== PROVIDED DATA ==
-- Opening Marker --

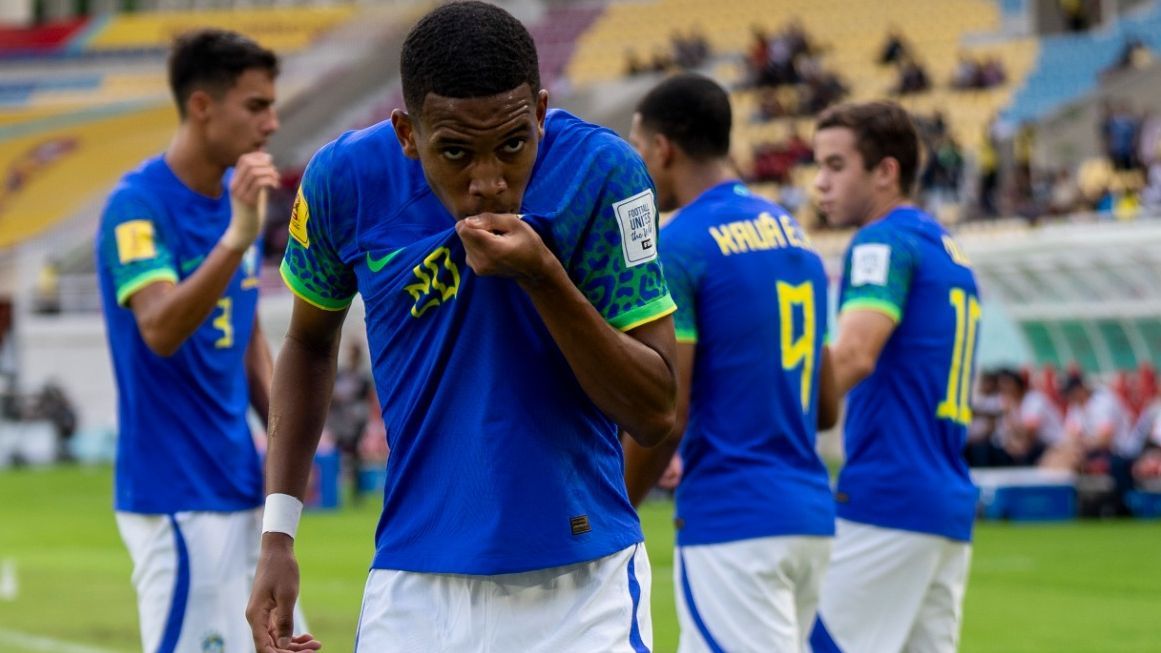 Brasil faz 3 a 1 no Equador e avança às quartas do Mundial Sub 17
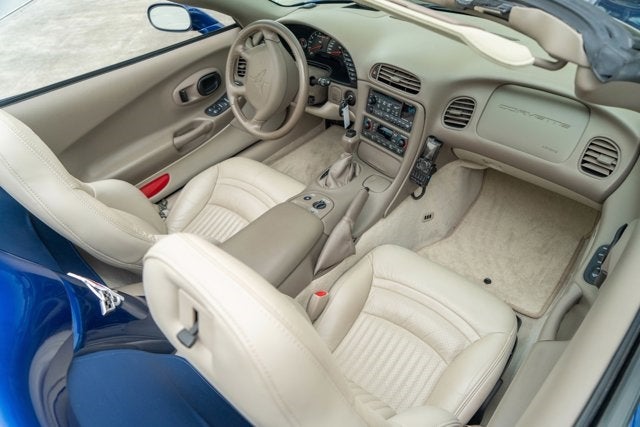 2004 Chevrolet Corvette 2dr Convertible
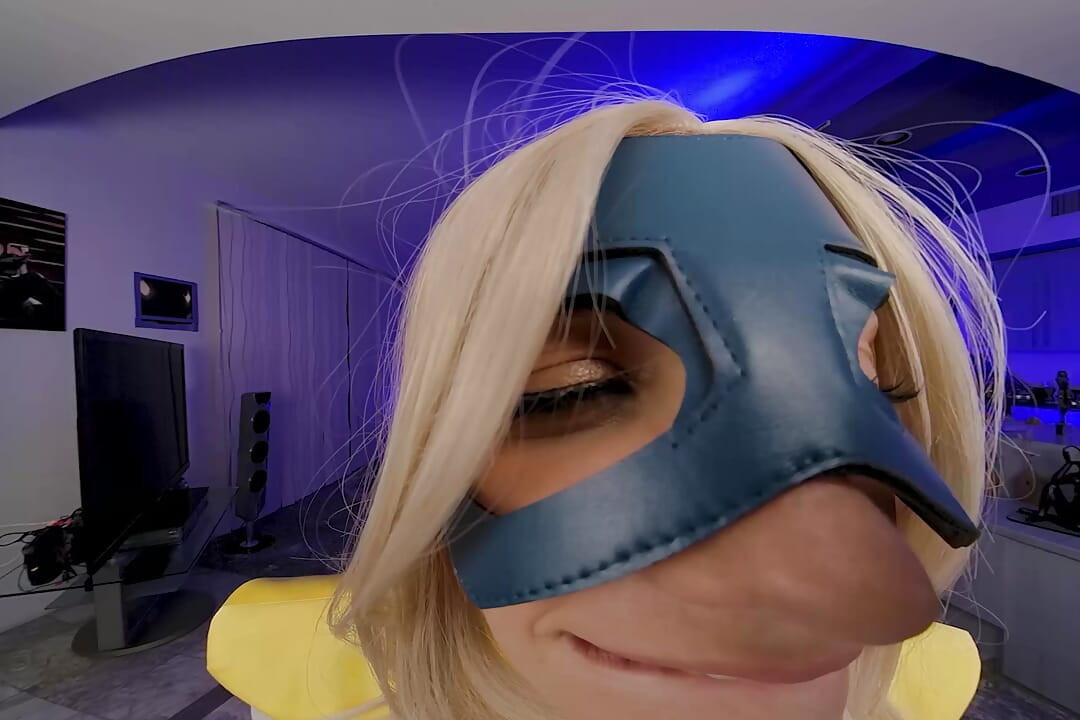 VRCOSPLAYX - Kenna James en tant que répartiteur, une blonde blazer abandonne son copain pour vous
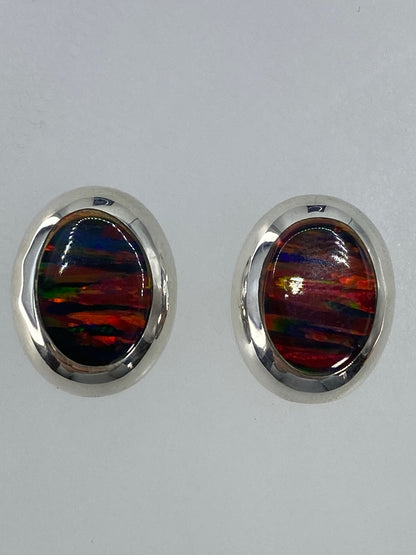 Par de aretes de plata 925 con ópalo de fuego multicolor engastado a mano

-- Closing Marker --

== WHAT YOU SHOULD DO ==
With pictures omitted, copy exactly the lines from the one containing "VRCOSPLAYX - Kenna" through the final line of the listing, both included.

== ANSWER BOX ==
 VRCOSPLAYX - Kenna James en tant que répartiteur, une blonde blazer abandonne son copain pour vous
 Par de aretes de plata 925 con ópalo de fuego multicolor engastado a mano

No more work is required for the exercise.